Exhaustion of administrative remedies through the prison grievance system is a jurisdictional prerequisite for lawsuits filed pursuant to §1983. Wright v. Hollingsworth, 260 F.3d 357 (5th Cir. 2001). As amended by the Prison Litigation Reform Act, 42 U.S.C. § 1997e provides that "[n]o action shall be brought with respect to prison conditions under section 1983... by a prisoner confined in any jail, prison, or other correctional facility until such administrative remedies as are available are exhausted." See Days v. Johnson, 322 F.3d 863, 866 (5th Cir. 2003) overruled on other grounds by Jones v. Bock 549 U.S. 199, 214-15 (2007). Exhaustion is mandatory for "all inmate suits about prison life, whether they involve general circumstances or particular episodes, and whether they allege excessive force or some other wrong." Alexander v. Tippah County, Miss., 531 F.3d. 626, 630 (5th Cir. 2003) (quoting Porter v. Nussle, 534 U.S. 516, 532 (2002)). The Fifth Circuit takes a "strict approach to the exhaustion requirement." Days, 322 F.3d at 866. However, the exhaustion requirement may be subject to certain defenses such as waiver, estoppel, or equitable tolling. Id.
Plaintiff admits that he failed to exhaust administrative remedies. In his response and motion to amend complaint, he requests that the requirement be waived because of grave danger and failure of officers to take appropriate action to secure his safety. See doc.  at 2 & . The Court notes that Plaintiff is no longer housed at SMCI. Rather, his mailing address is listed as the Walnut Grove Correctional Facility. Doc. . Accordingly, the alleged "grave danger" from other inmates at SMCI is no longer present. Moreover, Plaintiff has failed to demonstrate that he is entitled to any recognized exception to the exhaustion requirement. See Dillon v. Rogers, 596 F.3d 260, 270 (5th Cir. 2010); Clifford v. Gibbs, 298 F.3d 328, 332 (5th Cir. 2002); Massey v. Wheeler, 221 F.3d 1030, 1034 (7th Cir. 2000). He does not allege that the defenses of waiver, estoppel or equitable tolling apply to his circumstances. Although Plaintiff has filed a motion to amend his complaint, the proposed amendment would not remedy the fact that Plaintiff has by his own admission failed to exhaust his administrative remedies.

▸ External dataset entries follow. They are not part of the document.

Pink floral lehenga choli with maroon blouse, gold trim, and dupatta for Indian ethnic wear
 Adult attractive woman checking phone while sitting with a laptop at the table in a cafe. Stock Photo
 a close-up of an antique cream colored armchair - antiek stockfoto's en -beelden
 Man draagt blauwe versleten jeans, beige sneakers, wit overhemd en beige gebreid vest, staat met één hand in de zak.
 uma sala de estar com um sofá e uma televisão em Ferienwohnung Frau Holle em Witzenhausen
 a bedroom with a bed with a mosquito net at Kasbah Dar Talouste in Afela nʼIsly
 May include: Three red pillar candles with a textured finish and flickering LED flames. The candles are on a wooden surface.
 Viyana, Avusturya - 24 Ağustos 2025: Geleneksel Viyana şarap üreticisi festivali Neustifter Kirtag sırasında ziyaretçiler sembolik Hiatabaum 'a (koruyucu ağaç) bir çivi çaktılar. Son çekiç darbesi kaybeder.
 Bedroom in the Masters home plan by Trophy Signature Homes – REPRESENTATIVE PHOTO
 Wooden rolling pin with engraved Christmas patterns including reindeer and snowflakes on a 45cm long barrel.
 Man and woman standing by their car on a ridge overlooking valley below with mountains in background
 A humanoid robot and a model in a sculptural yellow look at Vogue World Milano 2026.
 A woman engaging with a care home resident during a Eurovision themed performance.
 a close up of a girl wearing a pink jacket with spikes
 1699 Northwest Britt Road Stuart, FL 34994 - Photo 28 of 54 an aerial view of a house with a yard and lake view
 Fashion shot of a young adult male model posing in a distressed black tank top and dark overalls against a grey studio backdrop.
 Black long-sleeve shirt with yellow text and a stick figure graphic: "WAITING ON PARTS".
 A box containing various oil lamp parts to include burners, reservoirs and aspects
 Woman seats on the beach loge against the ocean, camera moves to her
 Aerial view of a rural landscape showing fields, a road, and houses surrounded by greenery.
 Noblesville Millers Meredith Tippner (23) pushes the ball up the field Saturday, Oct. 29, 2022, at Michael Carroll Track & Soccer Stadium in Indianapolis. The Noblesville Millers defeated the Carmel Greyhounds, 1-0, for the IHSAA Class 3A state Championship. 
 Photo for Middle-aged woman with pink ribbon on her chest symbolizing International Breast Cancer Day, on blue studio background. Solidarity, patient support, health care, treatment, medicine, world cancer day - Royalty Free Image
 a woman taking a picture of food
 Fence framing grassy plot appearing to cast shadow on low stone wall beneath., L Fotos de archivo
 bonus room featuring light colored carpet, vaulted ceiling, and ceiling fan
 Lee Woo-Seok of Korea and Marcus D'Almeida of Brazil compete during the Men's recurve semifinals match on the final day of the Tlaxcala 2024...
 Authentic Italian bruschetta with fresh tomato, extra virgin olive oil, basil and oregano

Based on the foregoing, the undersigned recommends that Defendants'  Motion to Dismiss be GRANTED such that Plaintiff's 42 U.S.C. § 1983 civil rights complaint be dismissed without prejudice for failure to exhaust administrative remedies.
NOTICE OF RIGHT TO APPEAL/OBJECT
Pursuant to 28 U.S.C. § 636(b)(1), any party who desires to object to this report must serve and file written objections within fourteen (14) days after being served with a copy unless the time period is modified by the District Court. A party filing objections must specifically identify those findings, conclusions and recommendations to which objections are being made; the District Court need not consider frivolous, conclusive or general objections. Such party shall file the objections with the Clerk of the Court and serve the objections on the District Judge and on all other parties. A party's failure to file such objections to the proposed findings, conclusions and recommendation contained in this report shall bar that party from a de novo determination by the District Court. Additionally, a party's failure to file written objections to the proposed findings, conclusions, and recommendation contained in this report within fourteen (14) days after being served with a copy shall bar that party, except upon grounds of plain error, from attacking on appeal the proposed factual findings and legal conclusions that have been accepted by the district court and for which there is no written objection. Douglass v. United Services Automobile Association, 79 F.3d 1415, 1428-29 (5th Cir. 1996).